Data shown |
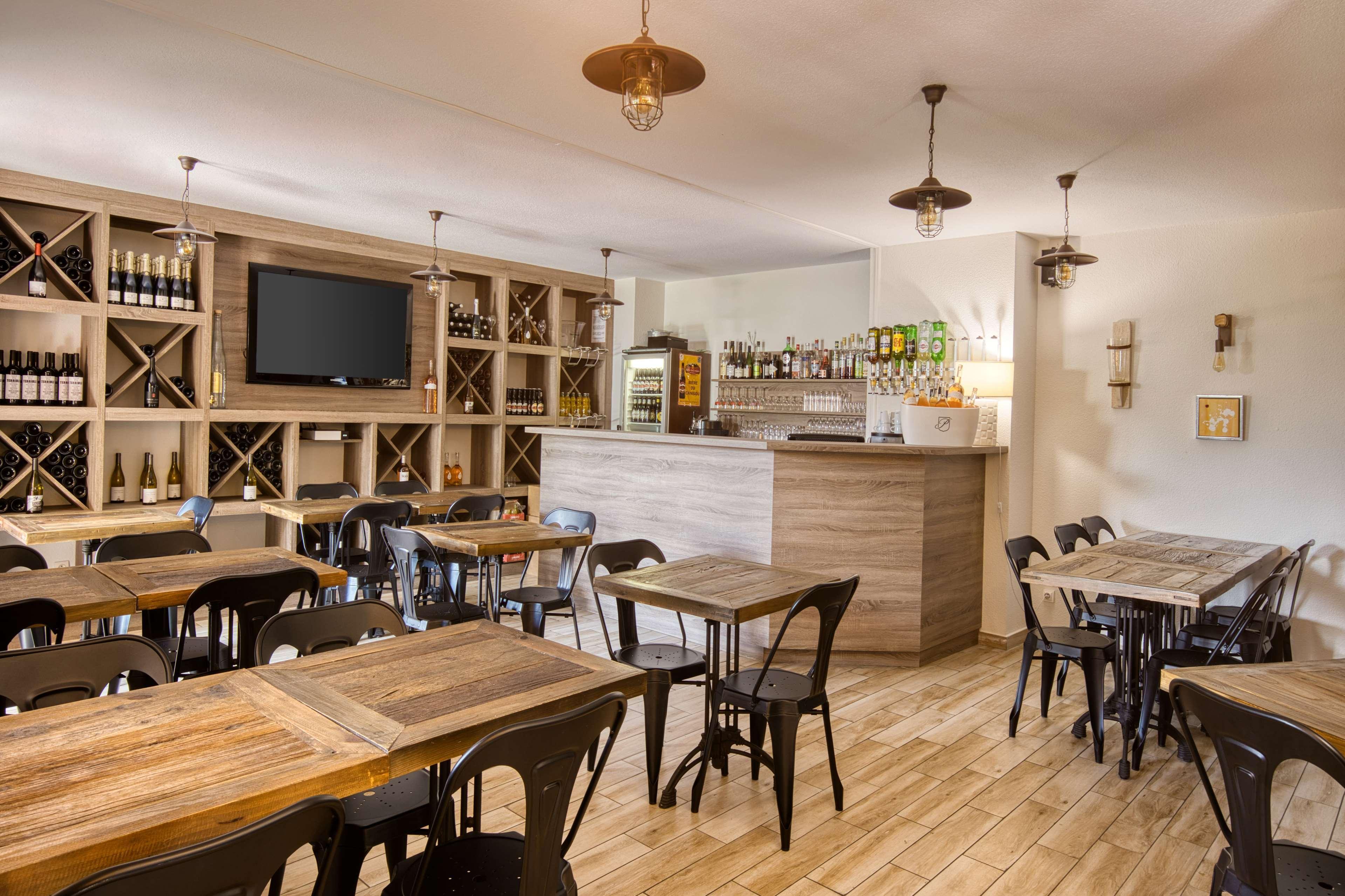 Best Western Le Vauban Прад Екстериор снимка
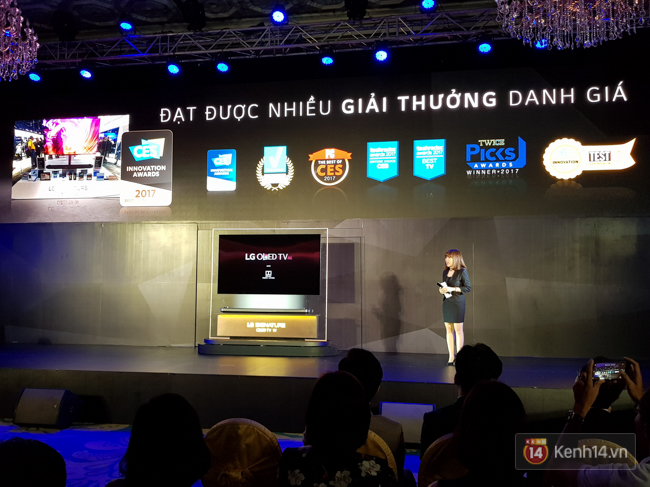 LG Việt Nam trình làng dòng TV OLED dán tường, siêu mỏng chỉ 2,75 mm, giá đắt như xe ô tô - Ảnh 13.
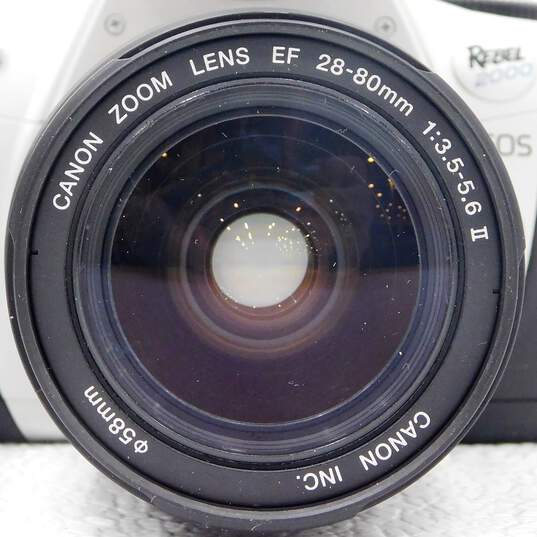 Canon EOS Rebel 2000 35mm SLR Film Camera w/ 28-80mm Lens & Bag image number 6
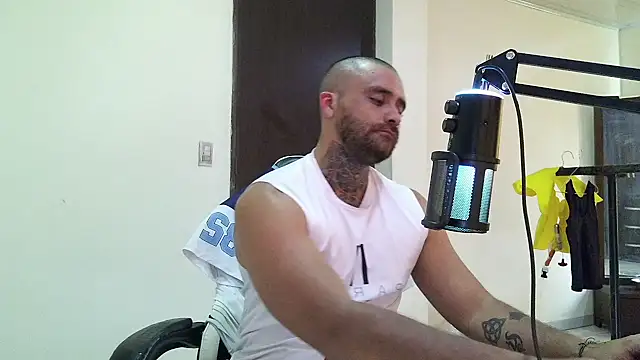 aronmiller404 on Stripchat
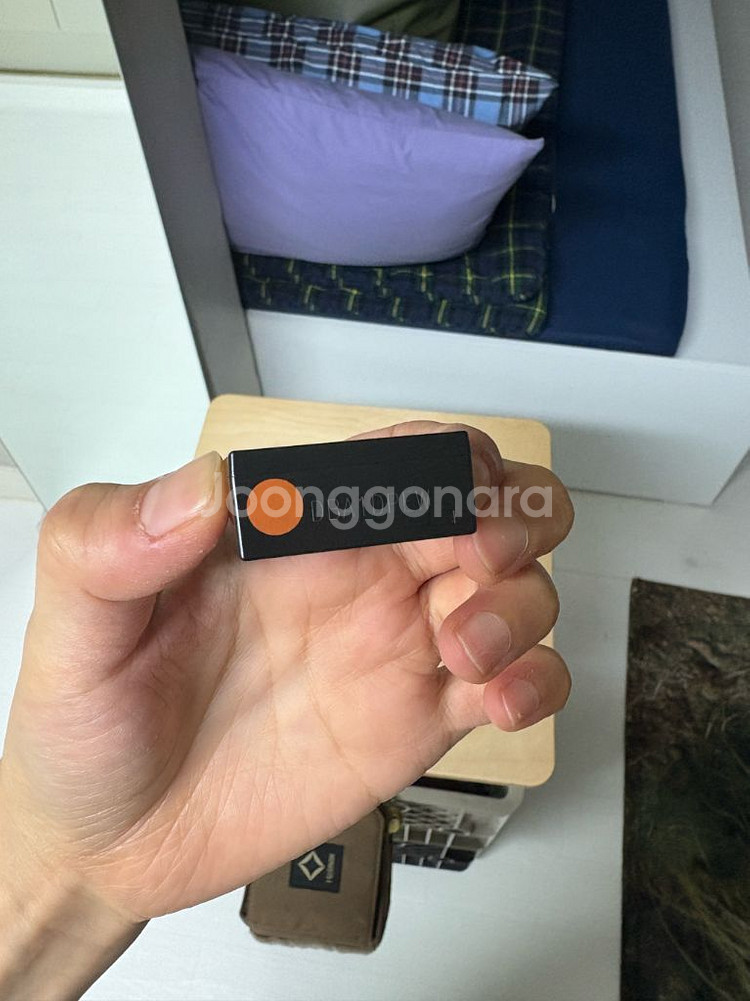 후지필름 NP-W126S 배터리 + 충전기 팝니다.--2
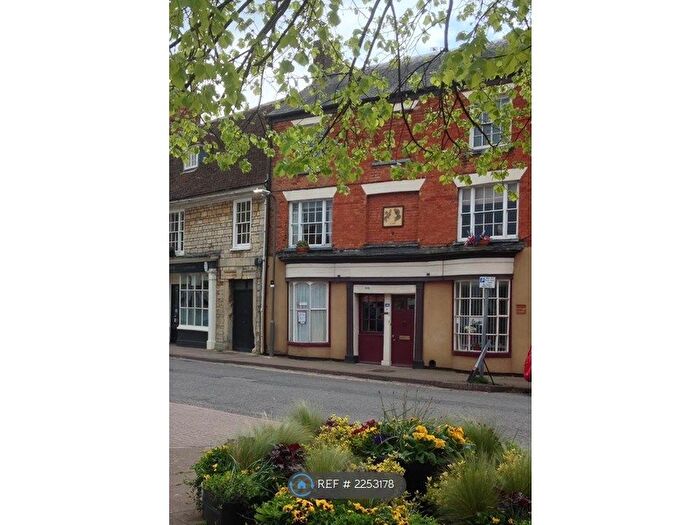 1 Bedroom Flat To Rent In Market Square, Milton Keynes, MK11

Problem | All records above are to be output verbatim, with their pictures omitted.

Response for this exercise |
 Best Western Le Vauban Прад Екстериор снимка
 LG Việt Nam trình làng dòng TV OLED dán tường, siêu mỏng chỉ 2,75 mm, giá đắt như xe ô tô - Ảnh 13.
 Canon EOS Rebel 2000 35mm SLR Film Camera w/ 28-80mm Lens & Bag image number 6
 aronmiller404 on Stripchat
 후지필름 NP-W126S 배터리 + 충전기 팝니다.--2
 1 Bedroom Flat To Rent In Market Square, Milton Keynes, MK11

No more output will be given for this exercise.